Cognitive Dissonance: Conflicting realities
“In the world of investing, cognitive dissonance can manifest when an investor realizes that a chosen investment is underperforming.”
Confirmation bias: The comfort of familiarity.
“In investing, confirmation bias can lead investors to gravitate toward news and analysis that align with their optimistic or pessimistic outlook on a particular stock or market trend. As a result, investors may ignore or downplay information that contradicts their viewpoint, potentially blinding them to the full spectrum of potential risks and rewards.”
Anchoring Bias: The Weight of Initial Impressions
“Anchoring bias demonstrates how the first piece of information encountered can disproportionately influence subsequent decisions. Investors prone to this bias may anchor their expectations for an investment's performance based on its recent high or low, leading to overly optimistic or pessimistic predictions.”
How often would you track it? Why?
We will be tracking this behavior 3 times, each at a different time. We will be tracking two instances of our chosen behaviors in the past and one current instance, the survey we recently created. The two past instances will be tracked through secondary research, namely past articles and/or reports published on our tracked behaviors.
1st track-2013. $25 Billion Assets Under Management (WEF 2013)
2nd track-2019 $502 billion Assets Under Management (Mudaliar and Dithrich 2019).
We can see that funds for impact investments have significantly increased with time. Many emerging markets are yearning for additional funds towards areas that make positive change, which is why assets under management have grown significantly and almost doubled in 6 years. In addition, structures like the Global INvesting Network and the United Nations’s Principles for Responsible Investment have provided the necessary support for the growth of impact investing.

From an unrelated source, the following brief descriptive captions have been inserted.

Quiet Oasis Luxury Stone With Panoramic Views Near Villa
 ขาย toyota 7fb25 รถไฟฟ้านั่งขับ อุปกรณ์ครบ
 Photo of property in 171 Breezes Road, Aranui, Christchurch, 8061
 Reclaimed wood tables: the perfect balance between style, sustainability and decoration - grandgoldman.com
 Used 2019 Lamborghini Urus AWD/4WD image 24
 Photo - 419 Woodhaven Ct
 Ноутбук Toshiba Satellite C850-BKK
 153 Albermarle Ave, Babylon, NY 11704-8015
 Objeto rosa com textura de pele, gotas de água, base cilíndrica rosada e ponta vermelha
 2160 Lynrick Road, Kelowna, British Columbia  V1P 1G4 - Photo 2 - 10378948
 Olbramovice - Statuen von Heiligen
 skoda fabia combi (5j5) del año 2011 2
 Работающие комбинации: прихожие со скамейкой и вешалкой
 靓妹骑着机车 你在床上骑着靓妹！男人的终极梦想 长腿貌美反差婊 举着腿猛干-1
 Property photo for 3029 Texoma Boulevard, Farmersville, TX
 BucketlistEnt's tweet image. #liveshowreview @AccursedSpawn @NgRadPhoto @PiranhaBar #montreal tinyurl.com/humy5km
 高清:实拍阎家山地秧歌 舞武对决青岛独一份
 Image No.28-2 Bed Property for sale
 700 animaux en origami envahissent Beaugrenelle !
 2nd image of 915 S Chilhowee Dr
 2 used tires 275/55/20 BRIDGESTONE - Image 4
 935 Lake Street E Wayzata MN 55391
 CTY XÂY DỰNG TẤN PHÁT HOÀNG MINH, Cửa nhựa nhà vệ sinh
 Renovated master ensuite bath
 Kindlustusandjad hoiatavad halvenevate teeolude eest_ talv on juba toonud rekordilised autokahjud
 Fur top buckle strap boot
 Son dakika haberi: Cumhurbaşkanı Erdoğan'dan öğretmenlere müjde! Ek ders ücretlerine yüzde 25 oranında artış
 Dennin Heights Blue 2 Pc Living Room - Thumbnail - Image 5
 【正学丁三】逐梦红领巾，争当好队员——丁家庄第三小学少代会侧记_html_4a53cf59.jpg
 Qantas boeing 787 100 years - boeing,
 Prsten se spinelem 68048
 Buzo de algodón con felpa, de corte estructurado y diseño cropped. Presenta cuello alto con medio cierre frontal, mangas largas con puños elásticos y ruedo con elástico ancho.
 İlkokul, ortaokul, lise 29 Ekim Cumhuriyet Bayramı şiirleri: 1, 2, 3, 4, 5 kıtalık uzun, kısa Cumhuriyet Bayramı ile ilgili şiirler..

Tracking our behavior at two varying points in time allows us to generate a more holistic overview of our problem by incorporating varying perspectives on our behavior. Investment behavior is dynamic, constantly changing over time and to other essential factors. Therefore, only tracking our behavior at one point would lead us to limited data, not accounting for how the behavior has changed over time.
Furthermore, in the first image, we can see managers of venture funds against the year they were founded. We can see that in 2010, impact investing and their venture funds spiked up; however, towards the end of the 2010s, we can see that it slowly slowed down. This demonstrates a need for more impact investment causes. We can also see that impact investors are higher in developed markets than in emerging markets. This is not suitable for markets because they are the ones who are in actual need of more investments going towards subjects of impact.
Some conclusions we have reached with our investigation so far is:
-Additional tailored policies and financial instruments are needed to accelerate impact investments across European regions.
-Policies and instruments that have worked in individual countries, such as France, can act as a model for developing impact investing in developing communities.
Networks and associations must share data and practices with developing communities instead of starting their impact investing sector from scratch.
Regions as a whole need to integrate impact measurement and management into the tools to get the best solution.
Explain why it is essential to think carefully about what behaviour you are tracking and the timing and length of your observations.
Our chosen behavior is highly relevant to track to create our chosen solution of creating a platform to allow social impact investing. To solve the issues regarding social impact investments (solution), particularly the gaps in processes that allow for social impact investment, it’s imperative to determine precisely what these gaps are (tracked behavior). From Table 4, we can see that developed areas already have many impact investments coming.
Is there another format (besides a spreadsheet) for gathering the data that could be appropriate? Explain.
Yes, instead of finding data from world sources that already exist, we can discover and record our data based on surveys and collect our data sources by analyzing the gap between the current GDP and the social and “needful” aspects of countries and trying to see a relationship between these two data points.